The first sitting of a new NATO-Ukraine Council was also due on Wednesday, a new format designed to tighten cooperation between Kyiv and the 31-nation alliance.
NATO was set up in 1949 to defend allies against any attack from the Soviet Union. After the Cold War ended and some in the West hoped to improve ties with Moscow, a similar NATO-Russia Council was set up in 2002.
NATO stopped that engagement after Russia annexed the Black Sea peninsula of Crimea from Kyiv in 2014 and then went on to back separatist rebels fighting government troops in eastern Ukraine.
Russia’s full-scale invasion in 2022 brought war back to Europe’s doorstep, reviving Cold War-era animosities.

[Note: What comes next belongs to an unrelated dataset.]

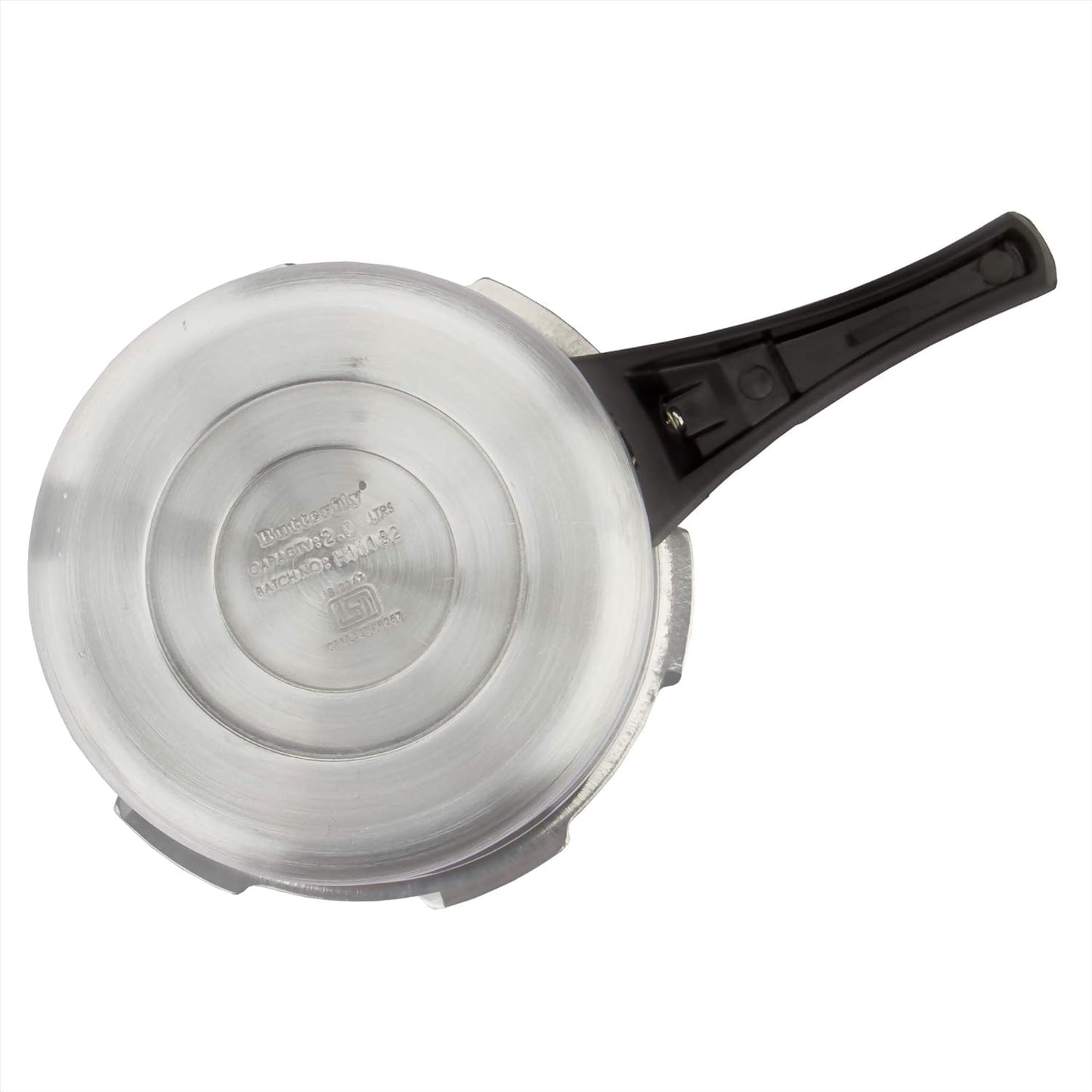 Butterfly Cordial 2 Litres and 3 Litres Pressure Cookers| Outer Lid | Food Grade Virgin Aluminium | Gas Stove Compatible | ISI Certified | 3 Year Manufacturer's Warranty | Silver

NATO says Ukraine would not be allowed in while at war with Russia, with Washington and Berlin warning against any moves that could put the alliance in a direct conflict with Moscow.
Backers of Ukraine’s swift NATO accession in eastern Europe and elsewhere, on the other hand, have bristled at what they saw as a disappointing outcome of the first day of the summit.
Russia, which says NATO’s eastward expansion is an existential threat to its own security, swiftly lashed out.
Dmitry Medvedev, the deputy secretary of Russia’s powerful Security Council chaired by President Vladimir Putin, said increasing military assistance to Ukraine by NATO was bringing closer a World War Three.